Static Malware Analysis VS Dynamic Malware Analysis
Malware Analysis is a process of analyzing the malware that is detected. In a SOC team, it is usually done by the Level 1 or Level 2 Analyst.
What is a Malware?
Malware consists of two words, Mal( Malicious) and Ware( Software). So, Malware is nothing but malicious software or software built with malicious intent.
Types of Malware:
Backdoor: Leaving a backdoor on the device where the malware is installed, allows the attacker to access the system through this backdoor
Adware often comes with downloaded software, causing unwanted advertisements to be displayed on the device. While not all adware is harmful, some change the default search engine.
Ransomware is a type of malware that has been on the world's plan for the last few years. It demands ransom from people by encrypting and exfiltrating all files on the device.
Virus: It is one of the first types of malware seen in the wild. So we see that it is often called a virus instead of the term malware in daily life. Viruses have a self-replicate feature. It provides persistence by infecting other files on the device.
The Worm is a type of malware that spreads from infected devices to other devices, it is named worm. WannaCry, a worm malware exploiting MS17–010 vulnerability, caused panic around the world.
A Rootkit is a type of malware that disguises itself by providing access to a high level of authority on the device.
RAT (Remote Access Trojan) is a type of malware that provides full control over the device to the threat actor.
Banking malware targets banking applications and causes money to be stolen from the victim.
Keylogger is a type of malware that logs pushed keys and send this information to the attacker.
Malware may contain more than one feature, so malware can belong to more than one type. For example, WannaCry malware includes both worm and ransomware malware features.
What is Static Analysis?
It is the approach of analyzing malicious software by reverse engineering methods without running them. Generally, by decompiling/disassembling the malware, each step that the malware will execute is analyzed, hence the behavior/capacity of the malware can be analyzed.
The device will not be infected as you do not run malicious software in static analysis. (However, we do not recommend performing static analysis on your host device, it will be more proper to do your analysis in a virtual operating system.)

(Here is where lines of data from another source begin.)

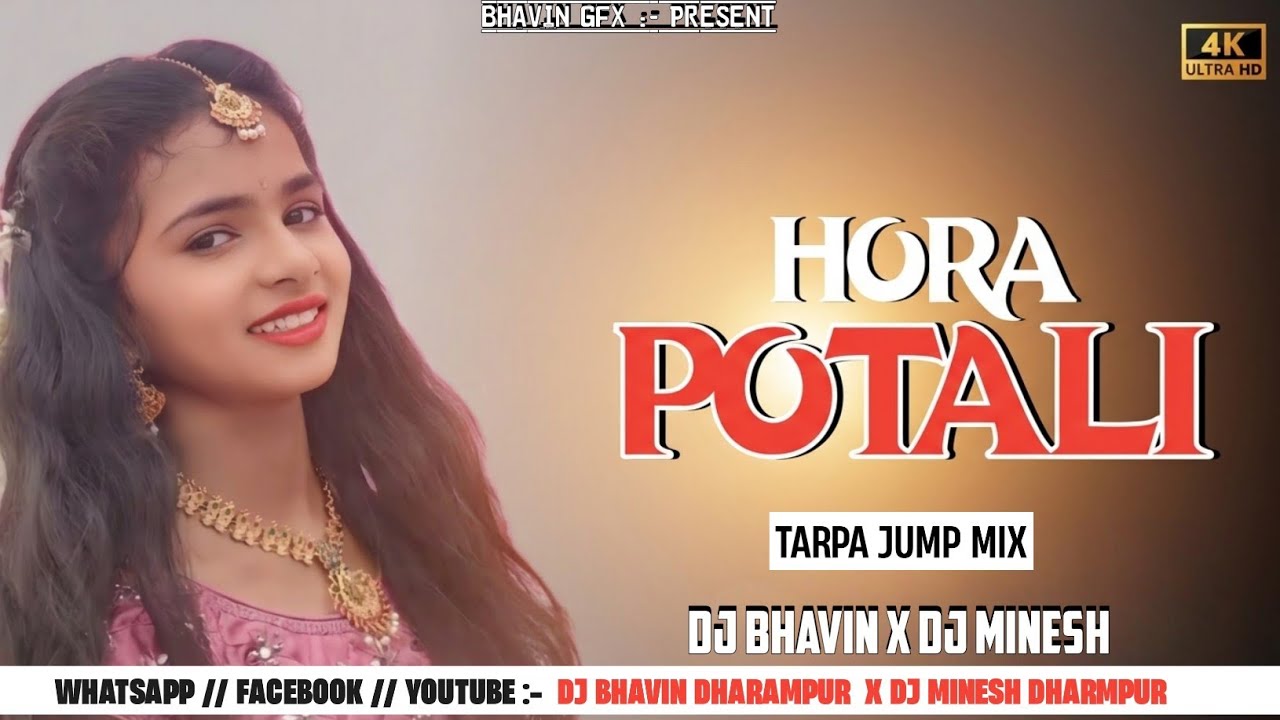 Download ✨NEW TRENDING HORA🍾 POTALI TARPA 🎚️JUMP MIX 🎤🎞️ BHAVIN VASAVA SONG DJ MINESH X DJ BHAVIN MP3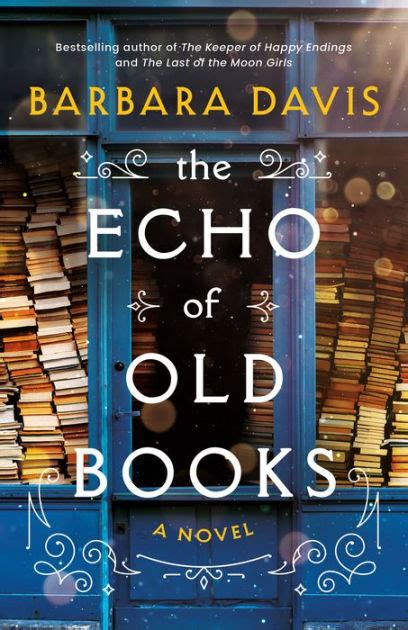 The Echo of Old Books: A Novel by Barbara Davis, Paperback | Barnes & Noble®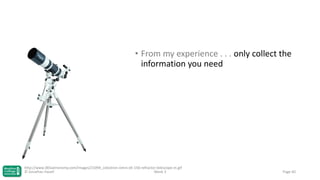 • From my experience . . . only collect the
information you need

http://www.365astronomy.com/images/21094_celestron-omni-xlt-150-refractor-telescope-m.gif
© Jonathan Hazell
Week 3

Page 60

The information examined during the static analysis is as follows.
- P.E. (Portable Executable) Headers
- Imported DLL’s
- Exported DLL’s
- Strings in binary
- CPU Instructions
What is Dynamic Analysis?
It is the approach that examines the behavior of malicious software on the system by running it.
In dynamic analysis, applications that can examine registry, file, network, and process events are installed in the system, and their behavior is examined by running malicious software.
While doing dynamic analysis, you should carefully examine the following events.
- Network Connections
- File Events
- Process Events
- Registry Events
Static Analysis vs Dynamic Analysis
Which approach to use when analyzing malware depends on the current circumstances. In cases where you want to get fast results, you can choose dynamic analysis, but we cannot say that the analysis is complete without doing both static and dynamic analysis.
It should also be noted that using only one approach may not be sufficient to analyze malware. Using both approaches together will lead you to victory!
As a result, we cannot say that one approach is better than another. Each has an advantage over the others in different conditions.